*YOUR ASSIGNMENT*: An exact copy of every entry is needed, with the images left out.

===== RECORDS FOR THE TASK =====

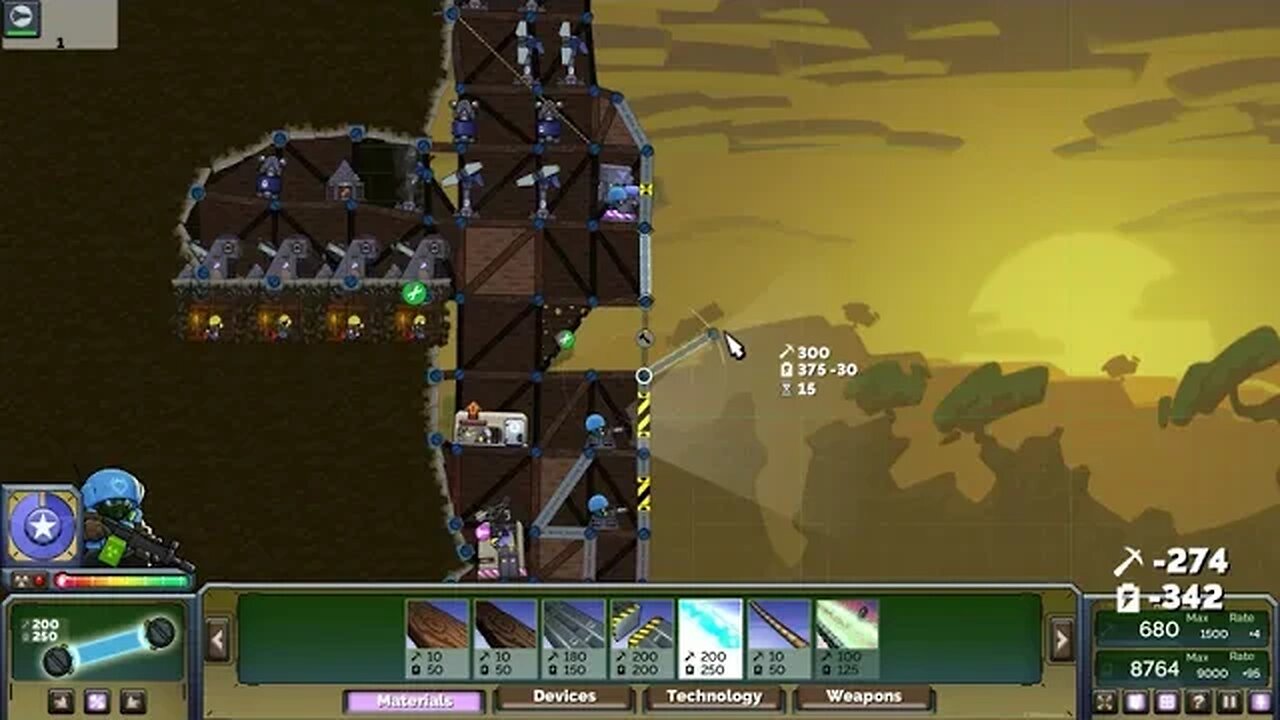 Taking Heavy Damage While Clinging to a Wall - Forts
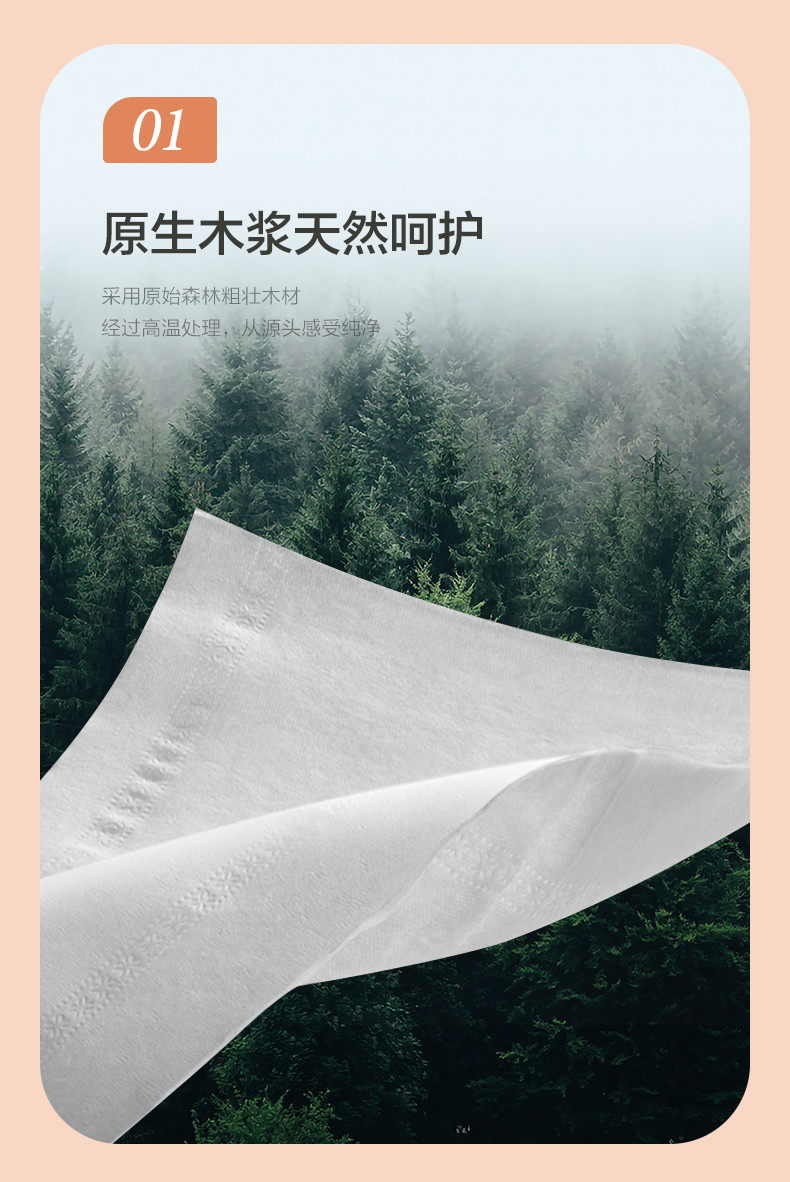 凝点/CPPC 可湿水面巾纸8包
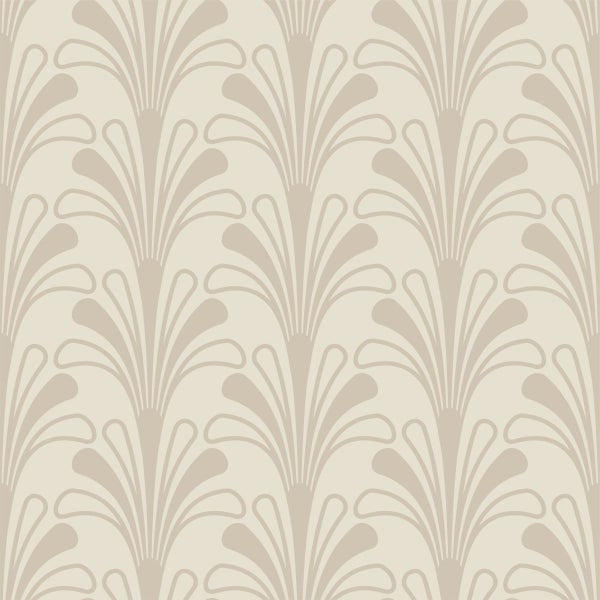 Origin Wallcoverings Tapete Art Decó Muster Sandbeige - 50 x 900 cm - 347967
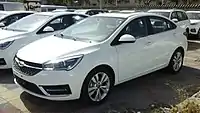 Chery Arrizo 5 front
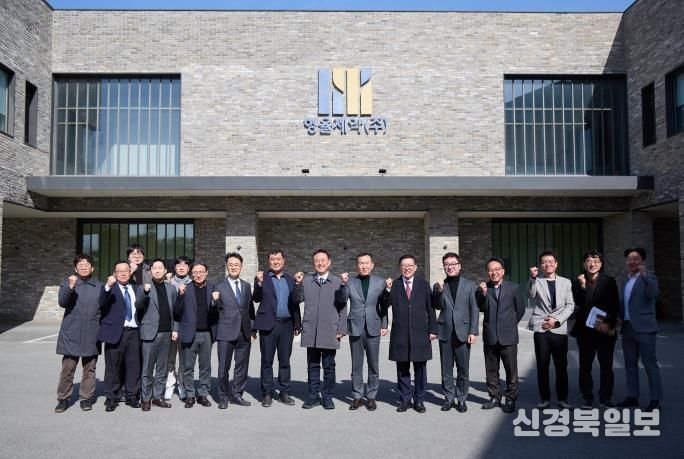 이충우 여주시장, 형율제약㈜ 기업체 현장 방문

=====

*RESULT BELOW*:
 Taking Heavy Damage While Clinging to a Wall - Forts
 凝点/CPPC 可湿水面巾纸8包
 Origin Wallcoverings Tapete Art Decó Muster Sandbeige - 50 x 900 cm - 347967
 Chery Arrizo 5 front
 이충우 여주시장, 형율제약㈜ 기업체 현장 방문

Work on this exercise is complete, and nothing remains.